Work instructions -> Your output should be everything below from the line containing "Clavo Pólvora Tipo Sdm 3.7 x 3" down to the line containing "Bodega Casa Boher - Malbec", both ends included, copied exactly, with pictures left out.

Entries supplied ->
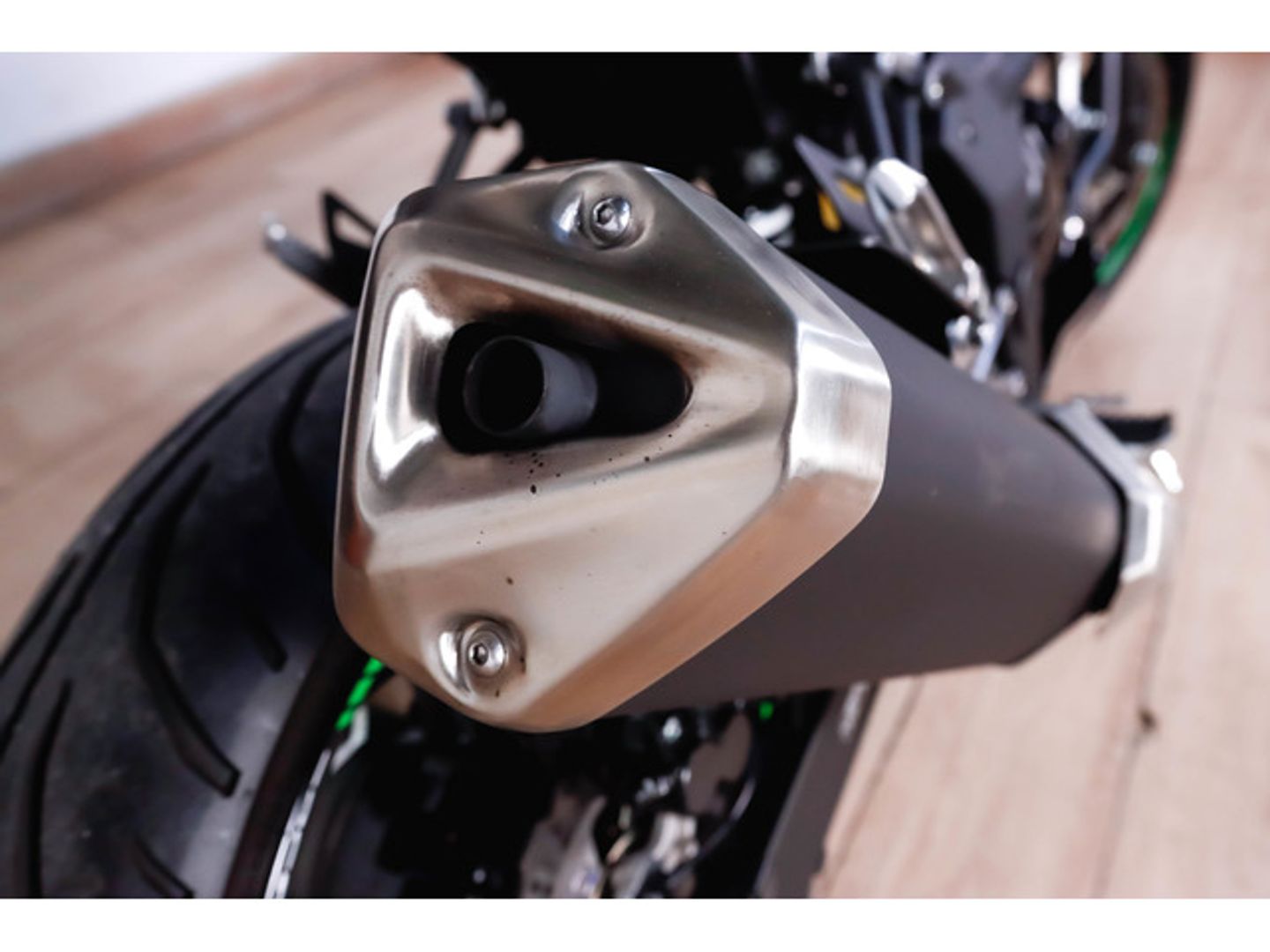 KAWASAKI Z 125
==
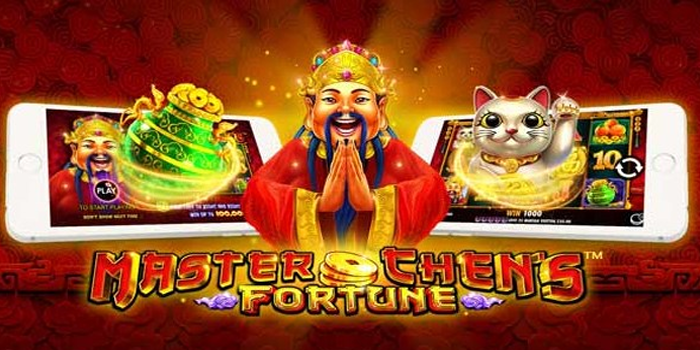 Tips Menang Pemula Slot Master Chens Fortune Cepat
--
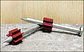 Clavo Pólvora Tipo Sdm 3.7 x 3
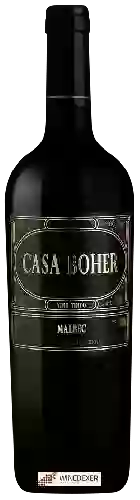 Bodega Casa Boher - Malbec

Task output ->
 Clavo Pólvora Tipo Sdm 3.7 x 3
 Bodega Casa Boher - Malbec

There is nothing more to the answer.